EXERCISE DESCRIPTION » When you reach the line containing "Will Herzik rounds" in the entries below, begin reproducing lines exactly, and stop once the line containing "entryway featuring hardwood" is done.

RECORDS TO USE »
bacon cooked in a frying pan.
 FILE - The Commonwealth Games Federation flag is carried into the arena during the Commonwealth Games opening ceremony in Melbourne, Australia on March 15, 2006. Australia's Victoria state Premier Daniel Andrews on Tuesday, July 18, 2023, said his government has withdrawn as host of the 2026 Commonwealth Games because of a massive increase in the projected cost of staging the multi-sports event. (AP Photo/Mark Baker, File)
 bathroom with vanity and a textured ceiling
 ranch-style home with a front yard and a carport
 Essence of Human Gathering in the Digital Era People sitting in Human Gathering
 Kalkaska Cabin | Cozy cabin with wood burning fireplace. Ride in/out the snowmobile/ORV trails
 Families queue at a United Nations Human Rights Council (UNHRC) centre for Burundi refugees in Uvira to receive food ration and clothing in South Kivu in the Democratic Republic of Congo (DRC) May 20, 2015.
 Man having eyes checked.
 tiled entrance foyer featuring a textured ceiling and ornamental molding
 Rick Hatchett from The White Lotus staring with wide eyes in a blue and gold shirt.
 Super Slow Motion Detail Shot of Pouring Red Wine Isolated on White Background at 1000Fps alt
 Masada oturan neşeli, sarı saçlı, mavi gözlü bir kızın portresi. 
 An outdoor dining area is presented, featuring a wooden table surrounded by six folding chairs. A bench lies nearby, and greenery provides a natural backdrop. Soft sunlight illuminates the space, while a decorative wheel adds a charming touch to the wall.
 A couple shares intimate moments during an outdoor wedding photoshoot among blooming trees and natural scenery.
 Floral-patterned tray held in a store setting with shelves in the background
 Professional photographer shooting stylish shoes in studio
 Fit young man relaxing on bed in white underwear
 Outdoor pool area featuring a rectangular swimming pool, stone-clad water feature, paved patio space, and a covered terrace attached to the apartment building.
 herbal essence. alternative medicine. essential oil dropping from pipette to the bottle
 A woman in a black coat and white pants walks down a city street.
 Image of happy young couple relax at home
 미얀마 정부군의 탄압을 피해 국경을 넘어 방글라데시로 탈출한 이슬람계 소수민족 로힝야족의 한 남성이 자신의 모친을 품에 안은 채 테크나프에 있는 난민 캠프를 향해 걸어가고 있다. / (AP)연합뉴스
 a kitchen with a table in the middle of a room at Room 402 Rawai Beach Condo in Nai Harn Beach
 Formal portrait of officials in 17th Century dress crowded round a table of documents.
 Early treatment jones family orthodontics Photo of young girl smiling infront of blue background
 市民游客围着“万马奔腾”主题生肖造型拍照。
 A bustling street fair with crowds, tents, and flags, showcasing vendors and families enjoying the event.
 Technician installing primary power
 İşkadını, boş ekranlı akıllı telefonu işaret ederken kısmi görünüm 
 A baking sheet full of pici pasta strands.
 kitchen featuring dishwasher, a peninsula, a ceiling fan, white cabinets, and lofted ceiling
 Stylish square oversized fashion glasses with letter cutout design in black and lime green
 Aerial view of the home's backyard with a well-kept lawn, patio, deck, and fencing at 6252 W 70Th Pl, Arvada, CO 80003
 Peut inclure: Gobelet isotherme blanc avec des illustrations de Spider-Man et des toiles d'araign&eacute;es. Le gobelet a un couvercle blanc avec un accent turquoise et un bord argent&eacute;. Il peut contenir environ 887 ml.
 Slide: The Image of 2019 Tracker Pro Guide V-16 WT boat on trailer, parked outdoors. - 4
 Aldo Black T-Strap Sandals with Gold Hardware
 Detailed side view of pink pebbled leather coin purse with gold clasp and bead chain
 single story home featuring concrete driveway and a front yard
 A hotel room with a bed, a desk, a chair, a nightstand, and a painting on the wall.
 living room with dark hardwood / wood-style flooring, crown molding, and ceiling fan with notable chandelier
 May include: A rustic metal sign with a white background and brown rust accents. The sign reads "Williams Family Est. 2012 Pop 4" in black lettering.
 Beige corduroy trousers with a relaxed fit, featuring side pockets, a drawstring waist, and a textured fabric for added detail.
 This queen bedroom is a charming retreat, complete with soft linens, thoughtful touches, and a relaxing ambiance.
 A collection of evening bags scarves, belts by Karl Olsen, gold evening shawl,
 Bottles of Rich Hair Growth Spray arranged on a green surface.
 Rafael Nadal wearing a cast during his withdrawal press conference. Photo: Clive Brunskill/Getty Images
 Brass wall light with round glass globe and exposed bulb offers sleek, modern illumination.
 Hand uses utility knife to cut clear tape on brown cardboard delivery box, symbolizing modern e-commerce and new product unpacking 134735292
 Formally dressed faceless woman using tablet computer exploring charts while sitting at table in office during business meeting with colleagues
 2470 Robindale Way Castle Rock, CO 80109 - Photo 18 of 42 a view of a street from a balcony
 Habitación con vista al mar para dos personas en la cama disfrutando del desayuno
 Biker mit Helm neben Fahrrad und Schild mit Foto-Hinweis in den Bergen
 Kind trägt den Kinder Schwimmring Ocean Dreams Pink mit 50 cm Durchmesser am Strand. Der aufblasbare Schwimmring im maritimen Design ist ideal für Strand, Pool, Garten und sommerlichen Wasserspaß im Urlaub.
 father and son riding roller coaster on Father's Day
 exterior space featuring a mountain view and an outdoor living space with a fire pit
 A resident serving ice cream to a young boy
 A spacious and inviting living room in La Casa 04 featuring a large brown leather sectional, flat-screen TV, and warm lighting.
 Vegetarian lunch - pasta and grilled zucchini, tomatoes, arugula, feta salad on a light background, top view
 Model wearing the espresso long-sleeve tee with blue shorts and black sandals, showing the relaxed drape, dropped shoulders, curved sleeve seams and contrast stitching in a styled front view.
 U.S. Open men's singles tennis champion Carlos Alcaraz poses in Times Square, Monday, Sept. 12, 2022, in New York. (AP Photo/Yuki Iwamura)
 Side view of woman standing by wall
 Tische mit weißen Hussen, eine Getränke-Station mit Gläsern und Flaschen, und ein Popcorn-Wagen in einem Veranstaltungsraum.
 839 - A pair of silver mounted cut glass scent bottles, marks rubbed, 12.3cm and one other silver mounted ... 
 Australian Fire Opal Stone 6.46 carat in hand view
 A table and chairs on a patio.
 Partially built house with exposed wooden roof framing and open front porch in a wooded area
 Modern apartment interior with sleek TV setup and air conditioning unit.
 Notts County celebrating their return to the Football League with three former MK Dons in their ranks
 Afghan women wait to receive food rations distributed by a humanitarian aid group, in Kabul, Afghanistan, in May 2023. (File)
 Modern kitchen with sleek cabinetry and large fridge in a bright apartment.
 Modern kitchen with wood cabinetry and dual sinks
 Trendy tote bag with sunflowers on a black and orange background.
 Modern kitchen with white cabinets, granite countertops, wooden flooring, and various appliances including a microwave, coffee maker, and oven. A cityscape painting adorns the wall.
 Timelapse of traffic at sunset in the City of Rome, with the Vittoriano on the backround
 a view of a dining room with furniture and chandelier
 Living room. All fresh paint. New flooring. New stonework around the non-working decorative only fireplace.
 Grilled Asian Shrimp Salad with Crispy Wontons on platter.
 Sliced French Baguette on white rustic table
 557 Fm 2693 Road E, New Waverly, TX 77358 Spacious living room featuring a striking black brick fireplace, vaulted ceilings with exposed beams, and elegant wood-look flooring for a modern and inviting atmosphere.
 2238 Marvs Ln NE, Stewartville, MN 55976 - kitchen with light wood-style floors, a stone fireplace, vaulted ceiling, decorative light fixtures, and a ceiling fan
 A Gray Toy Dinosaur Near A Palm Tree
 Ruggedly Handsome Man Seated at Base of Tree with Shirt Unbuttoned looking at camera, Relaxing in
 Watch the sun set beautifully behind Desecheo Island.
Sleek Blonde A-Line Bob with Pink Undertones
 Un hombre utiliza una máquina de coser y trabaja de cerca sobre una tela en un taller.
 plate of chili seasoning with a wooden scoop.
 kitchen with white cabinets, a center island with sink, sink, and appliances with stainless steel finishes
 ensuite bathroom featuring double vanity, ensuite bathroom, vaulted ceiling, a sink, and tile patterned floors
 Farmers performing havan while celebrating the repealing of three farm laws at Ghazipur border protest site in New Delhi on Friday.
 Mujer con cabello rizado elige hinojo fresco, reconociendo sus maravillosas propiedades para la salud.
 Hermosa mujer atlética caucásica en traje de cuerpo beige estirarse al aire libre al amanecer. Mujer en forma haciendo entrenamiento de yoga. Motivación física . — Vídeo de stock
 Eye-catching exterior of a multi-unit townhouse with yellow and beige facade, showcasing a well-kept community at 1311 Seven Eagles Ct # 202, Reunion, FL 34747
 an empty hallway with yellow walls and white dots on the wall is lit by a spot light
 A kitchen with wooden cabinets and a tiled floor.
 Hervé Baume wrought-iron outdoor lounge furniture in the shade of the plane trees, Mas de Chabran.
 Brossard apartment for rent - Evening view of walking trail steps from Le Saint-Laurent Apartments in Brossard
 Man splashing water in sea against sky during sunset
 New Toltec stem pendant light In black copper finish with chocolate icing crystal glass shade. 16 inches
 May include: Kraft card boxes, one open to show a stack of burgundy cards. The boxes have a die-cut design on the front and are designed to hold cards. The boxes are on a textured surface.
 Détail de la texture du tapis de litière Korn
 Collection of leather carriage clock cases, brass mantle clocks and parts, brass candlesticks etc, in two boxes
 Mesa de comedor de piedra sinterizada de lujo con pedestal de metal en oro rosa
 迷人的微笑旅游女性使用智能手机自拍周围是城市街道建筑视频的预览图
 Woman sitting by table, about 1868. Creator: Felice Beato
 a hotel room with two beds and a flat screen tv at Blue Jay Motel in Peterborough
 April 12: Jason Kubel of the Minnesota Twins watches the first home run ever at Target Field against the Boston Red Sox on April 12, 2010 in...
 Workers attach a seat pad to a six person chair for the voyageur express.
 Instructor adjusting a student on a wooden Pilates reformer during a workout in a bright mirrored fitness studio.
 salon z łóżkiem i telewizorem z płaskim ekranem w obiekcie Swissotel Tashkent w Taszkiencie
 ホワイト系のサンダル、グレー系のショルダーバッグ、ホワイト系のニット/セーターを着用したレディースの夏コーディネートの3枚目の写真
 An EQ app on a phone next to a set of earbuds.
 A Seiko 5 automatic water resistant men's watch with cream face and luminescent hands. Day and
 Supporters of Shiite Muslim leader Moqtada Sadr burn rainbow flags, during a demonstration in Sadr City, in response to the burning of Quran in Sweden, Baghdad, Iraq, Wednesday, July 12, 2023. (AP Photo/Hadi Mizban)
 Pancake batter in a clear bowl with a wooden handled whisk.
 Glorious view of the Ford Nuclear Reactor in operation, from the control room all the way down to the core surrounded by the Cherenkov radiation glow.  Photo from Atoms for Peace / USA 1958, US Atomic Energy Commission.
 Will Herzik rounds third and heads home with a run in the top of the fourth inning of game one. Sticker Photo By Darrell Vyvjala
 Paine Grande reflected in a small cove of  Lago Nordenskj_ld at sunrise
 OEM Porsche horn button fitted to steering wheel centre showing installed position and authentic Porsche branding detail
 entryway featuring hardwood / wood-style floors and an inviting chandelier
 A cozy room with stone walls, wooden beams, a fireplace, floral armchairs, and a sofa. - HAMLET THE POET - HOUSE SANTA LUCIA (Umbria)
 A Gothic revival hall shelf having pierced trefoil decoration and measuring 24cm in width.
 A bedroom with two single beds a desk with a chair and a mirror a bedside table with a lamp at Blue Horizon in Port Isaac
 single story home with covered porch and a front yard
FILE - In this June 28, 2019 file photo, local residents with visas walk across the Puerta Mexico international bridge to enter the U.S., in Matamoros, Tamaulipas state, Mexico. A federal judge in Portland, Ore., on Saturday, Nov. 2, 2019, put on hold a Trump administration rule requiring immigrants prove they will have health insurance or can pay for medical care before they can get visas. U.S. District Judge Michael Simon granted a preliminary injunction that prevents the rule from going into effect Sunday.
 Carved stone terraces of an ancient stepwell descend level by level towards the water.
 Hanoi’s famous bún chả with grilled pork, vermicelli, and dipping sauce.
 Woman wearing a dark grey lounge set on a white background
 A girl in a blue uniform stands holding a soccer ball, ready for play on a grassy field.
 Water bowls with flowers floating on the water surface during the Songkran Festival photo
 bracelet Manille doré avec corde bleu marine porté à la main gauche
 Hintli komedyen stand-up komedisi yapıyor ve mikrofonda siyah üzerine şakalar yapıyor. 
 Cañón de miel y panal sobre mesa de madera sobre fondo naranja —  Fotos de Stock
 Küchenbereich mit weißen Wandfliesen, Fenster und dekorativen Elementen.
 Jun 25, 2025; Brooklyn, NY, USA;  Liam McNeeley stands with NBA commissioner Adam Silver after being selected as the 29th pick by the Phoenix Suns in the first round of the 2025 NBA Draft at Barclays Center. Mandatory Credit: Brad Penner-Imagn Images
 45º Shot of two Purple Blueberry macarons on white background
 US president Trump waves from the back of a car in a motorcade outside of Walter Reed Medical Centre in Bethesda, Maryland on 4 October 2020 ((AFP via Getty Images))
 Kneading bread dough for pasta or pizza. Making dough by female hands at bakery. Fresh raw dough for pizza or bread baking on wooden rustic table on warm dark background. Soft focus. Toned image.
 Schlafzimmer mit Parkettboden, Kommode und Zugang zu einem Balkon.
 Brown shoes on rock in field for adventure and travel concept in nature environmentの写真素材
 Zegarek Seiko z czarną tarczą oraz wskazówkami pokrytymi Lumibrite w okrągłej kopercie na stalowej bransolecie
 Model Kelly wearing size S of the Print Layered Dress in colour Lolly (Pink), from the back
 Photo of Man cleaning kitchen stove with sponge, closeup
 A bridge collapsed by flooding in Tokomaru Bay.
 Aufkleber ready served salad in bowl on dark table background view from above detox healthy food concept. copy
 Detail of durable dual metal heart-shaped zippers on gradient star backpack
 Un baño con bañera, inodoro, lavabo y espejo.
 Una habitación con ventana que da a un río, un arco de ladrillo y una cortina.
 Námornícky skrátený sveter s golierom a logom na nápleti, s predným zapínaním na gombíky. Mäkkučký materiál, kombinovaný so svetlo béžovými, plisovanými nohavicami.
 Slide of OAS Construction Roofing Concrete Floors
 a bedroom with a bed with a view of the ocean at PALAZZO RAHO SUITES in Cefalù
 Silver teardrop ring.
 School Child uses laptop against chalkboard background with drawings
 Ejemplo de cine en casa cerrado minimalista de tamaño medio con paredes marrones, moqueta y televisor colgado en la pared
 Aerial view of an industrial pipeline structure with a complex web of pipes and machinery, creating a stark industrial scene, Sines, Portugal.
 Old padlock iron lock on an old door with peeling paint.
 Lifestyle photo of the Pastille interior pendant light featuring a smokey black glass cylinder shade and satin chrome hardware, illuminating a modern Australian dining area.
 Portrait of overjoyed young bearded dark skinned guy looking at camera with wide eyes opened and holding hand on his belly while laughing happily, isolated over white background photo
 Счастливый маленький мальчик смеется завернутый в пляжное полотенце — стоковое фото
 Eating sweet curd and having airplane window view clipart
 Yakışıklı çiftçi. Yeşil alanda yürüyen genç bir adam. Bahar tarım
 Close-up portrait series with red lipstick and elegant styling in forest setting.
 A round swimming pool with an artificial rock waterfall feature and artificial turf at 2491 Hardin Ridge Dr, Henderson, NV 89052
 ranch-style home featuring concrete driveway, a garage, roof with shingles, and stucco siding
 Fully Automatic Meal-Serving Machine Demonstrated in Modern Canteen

EXPECTED OUTPUT »
 Will Herzik rounds third and heads home with a run in the top of the fourth inning of game one. Sticker Photo By Darrell Vyvjala
 Paine Grande reflected in a small cove of  Lago Nordenskj_ld at sunrise
 OEM Porsche horn button fitted to steering wheel centre showing installed position and authentic Porsche branding detail
 entryway featuring hardwood / wood-style floors and an inviting chandelier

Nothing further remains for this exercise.